- [Your objective]:
Line by line, print the records exactly, and keep images out of the copy.

- [Entries supplied]:
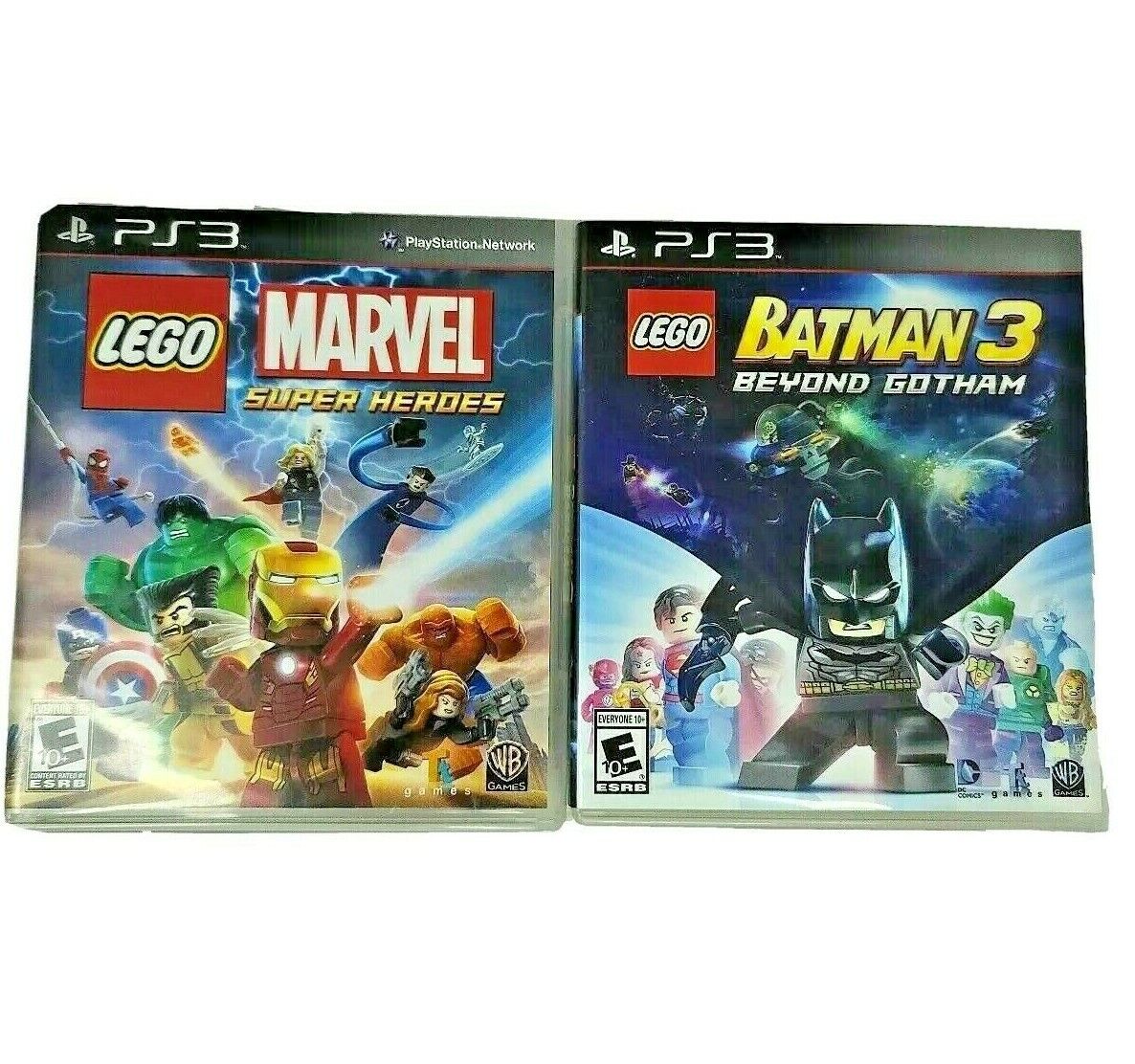 LEGO Marvel Super Heroes & LEGO Batman 3: Beyond Gotham (PS3)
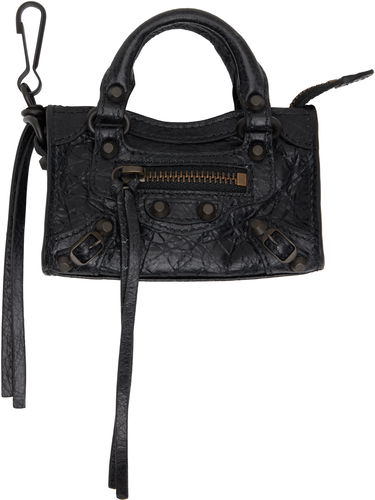 Kľúčenka Balenciaga Balenciaga 'Le City' Micro Bag Charm Čierna | 819471 2ABEK, 0
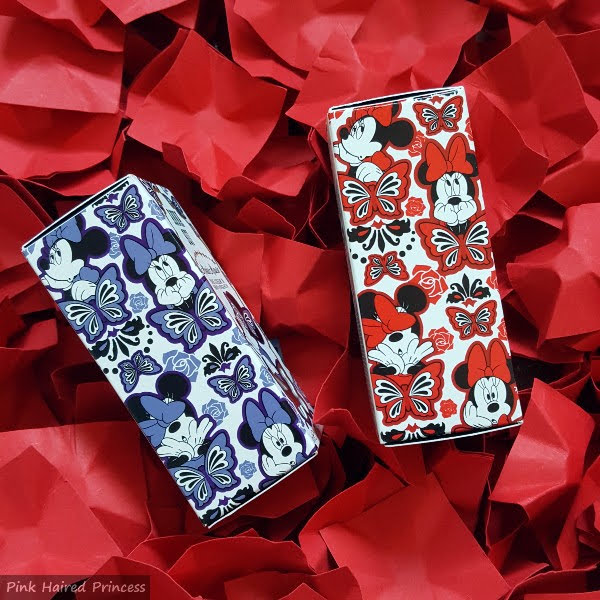 butterfly and Disney Minnie Mouse patterned boxes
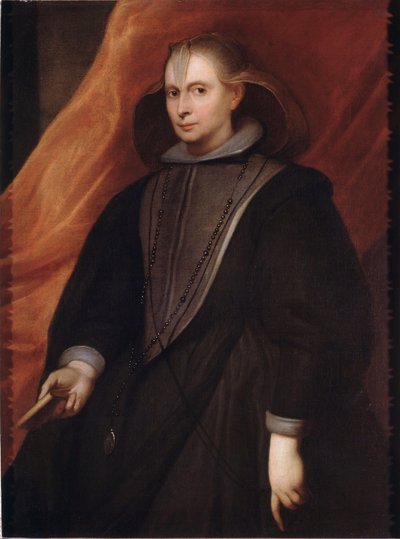 Retrato de una dama de Génova de Anthony van Dyck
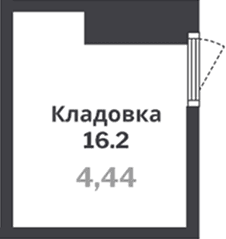 Кладовка, 4.4 м²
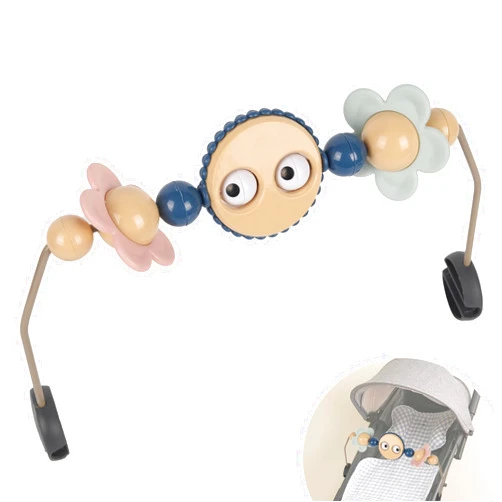 VIKOS Products Toy Bar for Baby Bouncer Stroller Arch Toy - Googly Eyes Toy for Baby Car Seat - Baby-Safe Plastic Baby Bouncer Toy Bar - Easy to Install Baby Bouncer Accessory - No Music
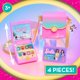 thumbnail image 5 of Set de teléfono de juguete Barbie Trend Lights Sounds, 4 unidades, 5 of 5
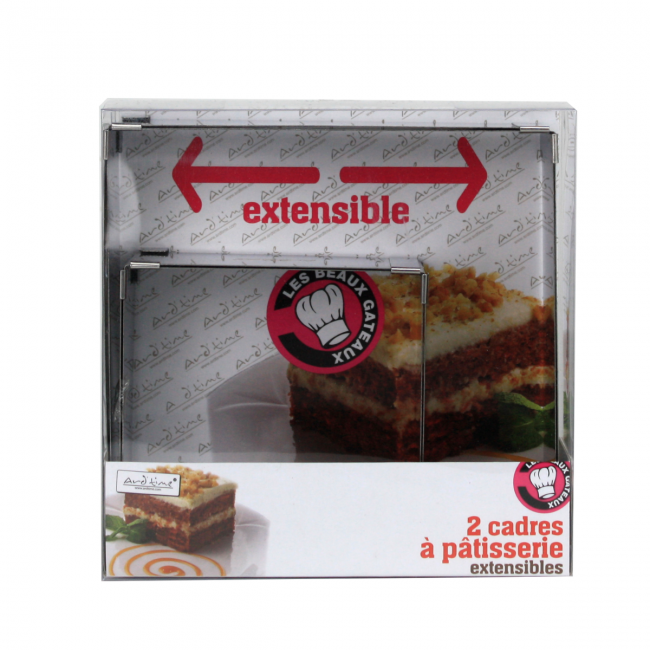 BG-2CAREXT Lot de 2 cadres extensibles, MES BEAUX GATEAUX BG-2CAREXT Lot de 2 cadres extensibles, MES BEAUX GATEAUX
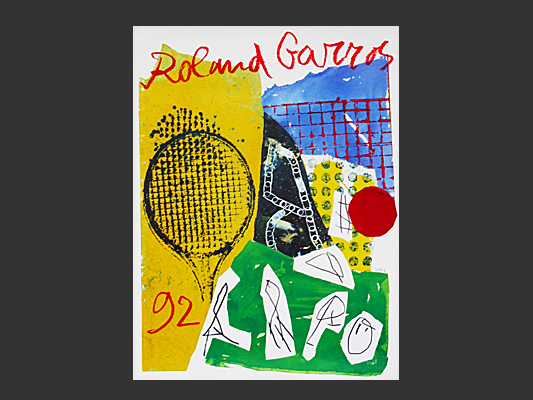 fearsandkahn - Vintage poster - Roland Garros Tennis 1992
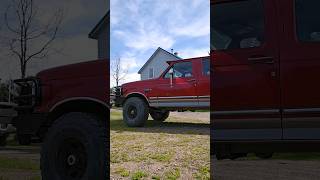 1996 F250 straight pipe start up #foryou #obs #shorts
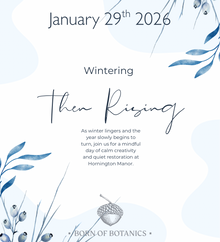  Wintering, Then Rising . A winter retreat 29/01/2026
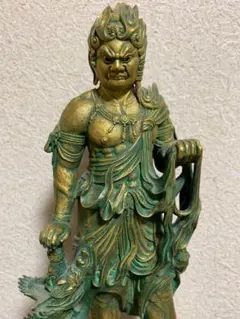 不動明王 仏像 ブロンズ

- [Response for this exercise]:
 LEGO Marvel Super Heroes & LEGO Batman 3: Beyond Gotham (PS3)
 Kľúčenka Balenciaga Balenciaga 'Le City' Micro Bag Charm Čierna | 819471 2ABEK, 0
 butterfly and Disney Minnie Mouse patterned boxes
 Retrato de una dama de Génova de Anthony van Dyck
 Кладовка, 4.4 м²
 VIKOS Products Toy Bar for Baby Bouncer Stroller Arch Toy - Googly Eyes Toy for Baby Car Seat - Baby-Safe Plastic Baby Bouncer Toy Bar - Easy to Install Baby Bouncer Accessory - No Music
 thumbnail image 5 of Set de teléfono de juguete Barbie Trend Lights Sounds, 4 unidades, 5 of 5
 BG-2CAREXT Lot de 2 cadres extensibles, MES BEAUX GATEAUX BG-2CAREXT Lot de 2 cadres extensibles, MES BEAUX GATEAUX
 fearsandkahn - Vintage poster - Roland Garros Tennis 1992
 1996 F250 straight pipe start up #foryou #obs #shorts
  Wintering, Then Rising . A winter retreat 29/01/2026
 不動明王 仏像 ブロンズ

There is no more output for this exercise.